It wasn't easy recruiting the 90 households that participated in her weight gain prevention study, U of M professor Simone French says.
"The common barrier to households joining the study was when the husband found out that there would be a TV lock on the TVs in the household," says French. "Sometimes that just kind of broke the deal. They wouldn't be in the study because the male of the household wanted unlimited access, usually to sports."
French and her colleagues found enough households that were willing to try the TV lock, also called a television allowance device, eventually. They asked the participants to cut their television viewing in half. That meant for a family used to watching 50 hours of TV a week, researchers would program their TV allowance device to shut off their television after 25 hours.
The theory behind the TV limit is that it gives families more time for active pursuits. French hopes that parents and kids who watch less television will use that time for a family bike ride or a walk around the neighborhood.
Study participants Maggie Desenberg and John Weisser say their family has become more active since they limited their television viewing to 21 hours a week. They swim more and go to the park more often with their two sons.
His boys never did watch many television programs.

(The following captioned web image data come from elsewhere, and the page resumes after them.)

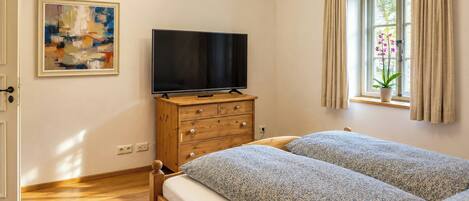 A bedroom with a bed, a television on a wooden dresser, a painting on the wall, and a window with curtains.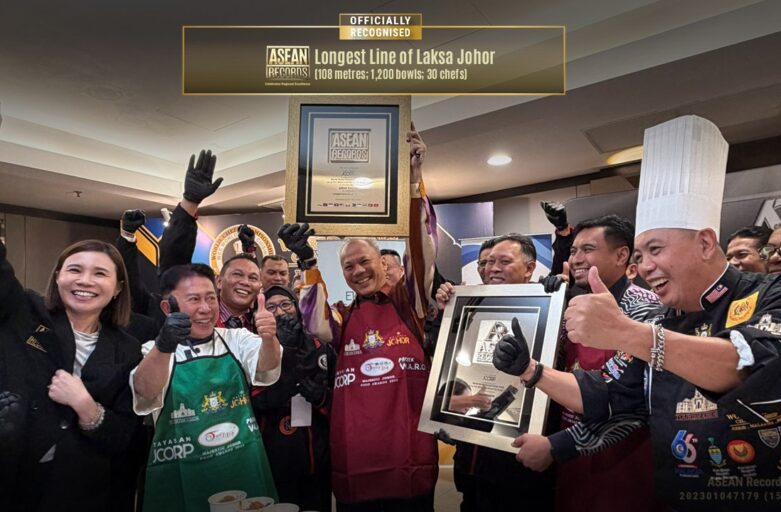 Celebration scene with chefs and staff holding a framed ASEAN Records certificate for the 'Longest Line of Laksa Johor' and giving thumbs up.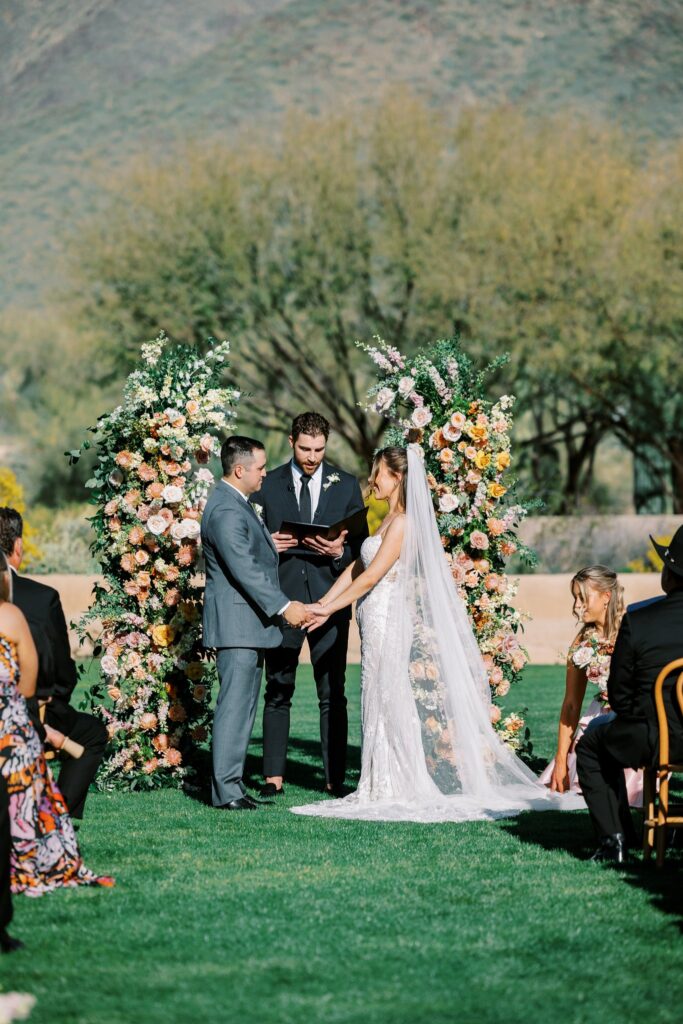 Bride and groom holding hands during wedding ceremony in altar space with officiant behind them and two floral pillars on either side of them.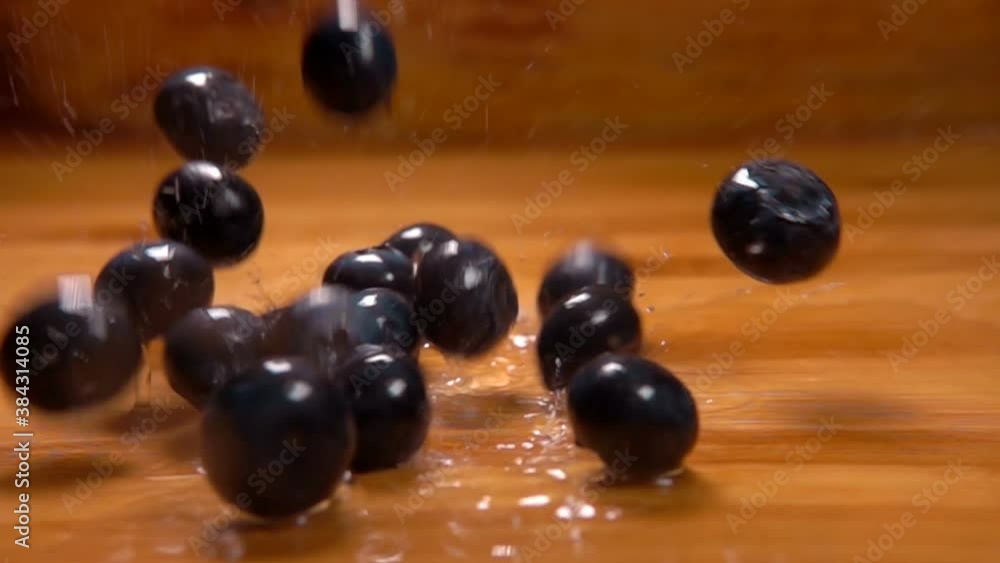 A pile of large blueberries is falling onto the wet wooden surface in slow motion A pile of large blueberries is falling onto the wet wooden surface in slow motion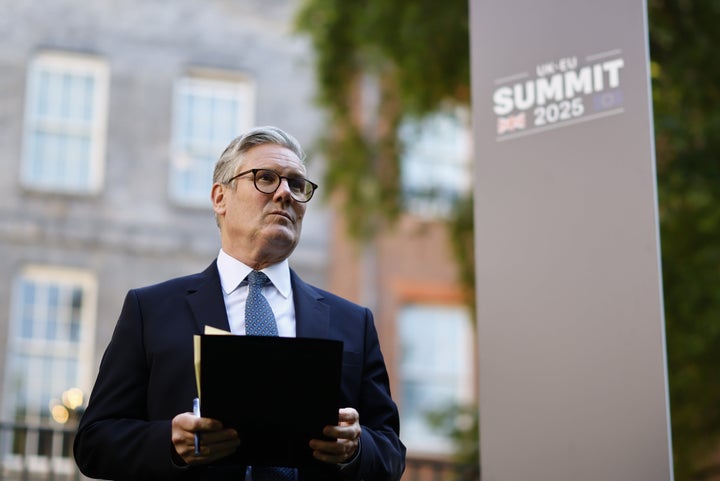 British Prime Minister Keir Starmer poses at a business reception on the sidelines of the U.K. and EU summit, at Downing Street in London, on Monday, May 19, 2025. The U.K. announced one day later that it is suspending free trade negotiations with Israel and slapping sanctions on settlers, citing the ongoing violence against Palestinians in both the occupied West Bank and in Gaza.
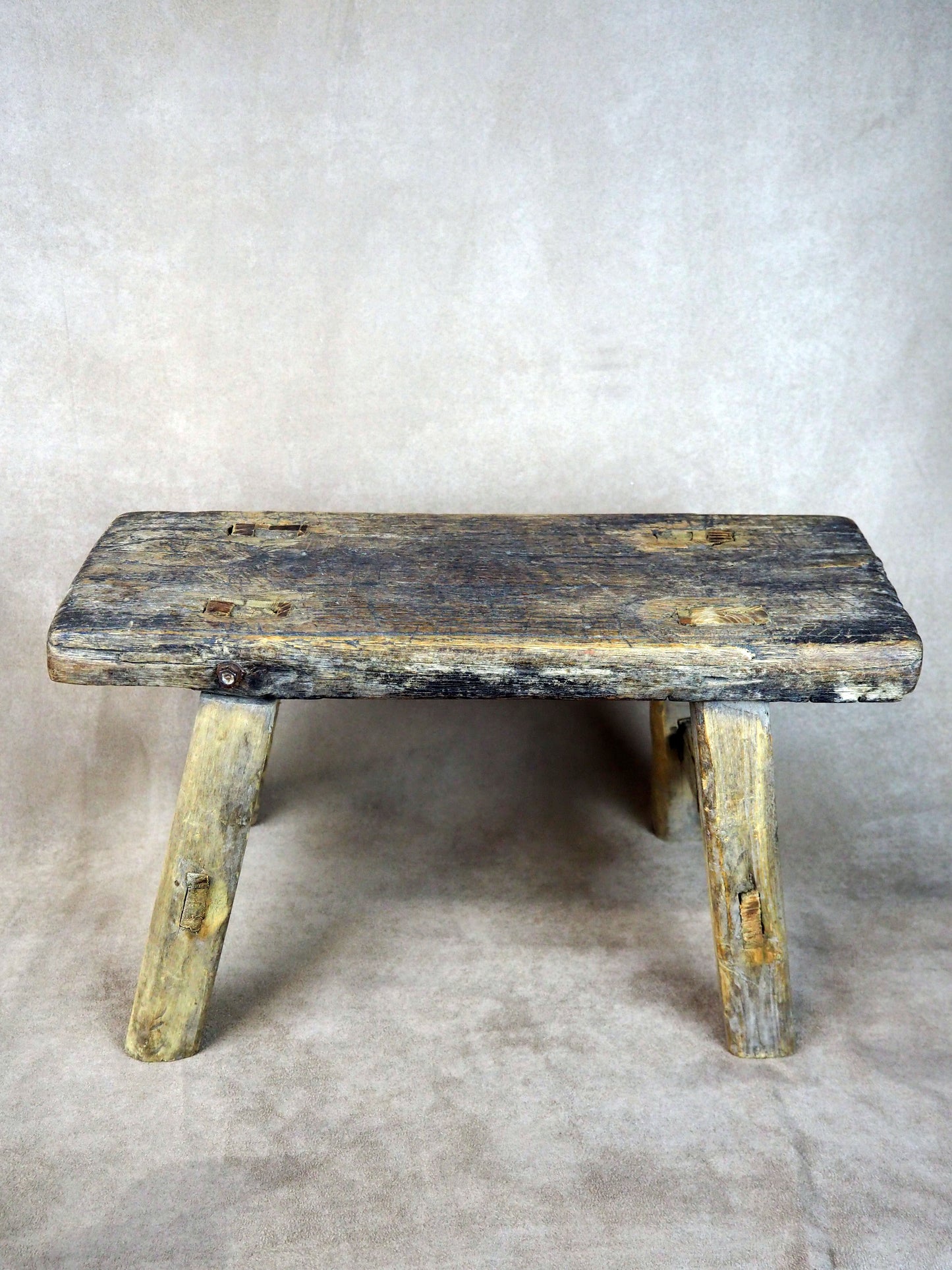 Vintage wooden bench with a weathered finish on a textured gray background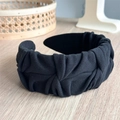 Detail of black pleated fabric headband showing the soft texture and elegant folds - Black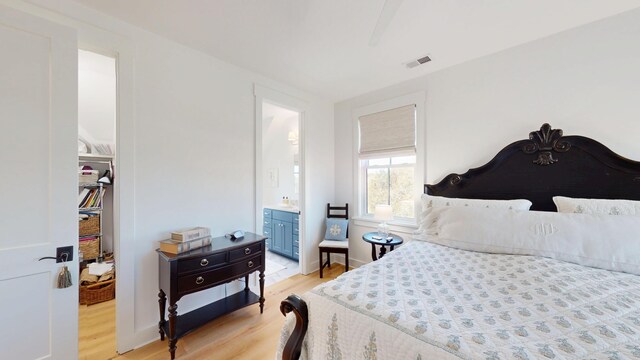 2312 Rushland Landing Rd, Johns Island, SC 29455 - bedroom featuring light wood-type flooring, connected bathroom, and a spacious closet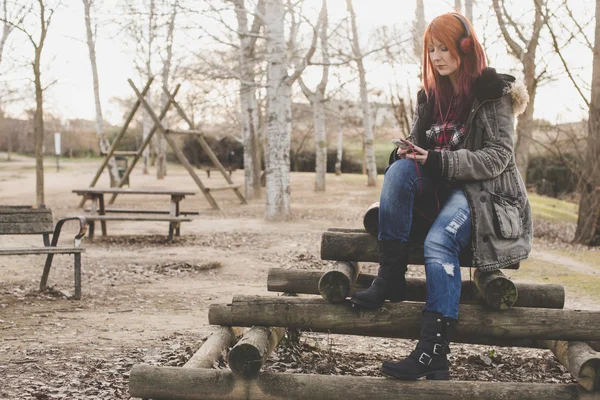 Red-haired girl listening to music in park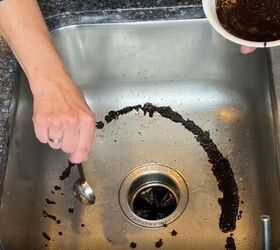 7 astonishing coffee grounds hacks to save you time and money, Coffee grounds being spread around a stainless steel sink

But they played a lot of video games, he says.
"It could possibly start in the morning and go on for three hours and the TV could be on for a good portion of the day".
“It is kind of torture to have a Wii and know and you can't really play it a lot.”Eight-year old Paul Weisser
In the family living room a digital display on a TV allowance device shows 8-year-old Paul that seven hours are available on the TV. Those hours are precious to Paul - so much so that he has changed his weekend routine.
"I sometimes used to be into Saturday morning cartoons and I'd wake up at like seven and turn on the TV," says Paul. "But since the TV study started I could use up all the time if I do that, so I don't do it anymore."
Instead Paul saves his time for his Nintendo Wii player.
"It is kind of torture to have a Wii and know and you can't really play it a lot." His 11-year-old brother Ivan agrees.
"To get a Wii and then not be able to play it, only seven hours a week, is just extremely disappointing," he says.
Their father is surprised to hear so much grumbling from his boys.
"On the outside I see lots of development in the boys," says Weisser. "Apparently on the inside they don't see it as much."
Her sons have adjusted to their new TV limits more than they let on, says Maggie Desenberg. They've been cooperative and willing to do other things with their free time and as far as she is concerned, the experiment has been a success, she says.
"We get to keep the boxes," says Desenberg. "So we're going keep that for the children's TV so that we don't have to be the bad cop. You know we can sort of blame it on the box." That's music to Simone French's ears. Some families have been counting the days until her study concludes.
"Some of them were like 'I'm going watch 50 hours of TV when you take that off,'" says French. "And so that's not what we wanted to hear because sometimes when they join they're like 'I just need help. I watch too much TV and I just need help limiting it.' And by the end they're like, 'I can't wait till you get that box off the TV.'"
French's study will wrap up this fall and by next spring her data should be analyzed. She hopes it will show that her experiment helped families prevent weight gain. But the results will depend in part on what her households decide to do with their time once they regain full control of their televisions.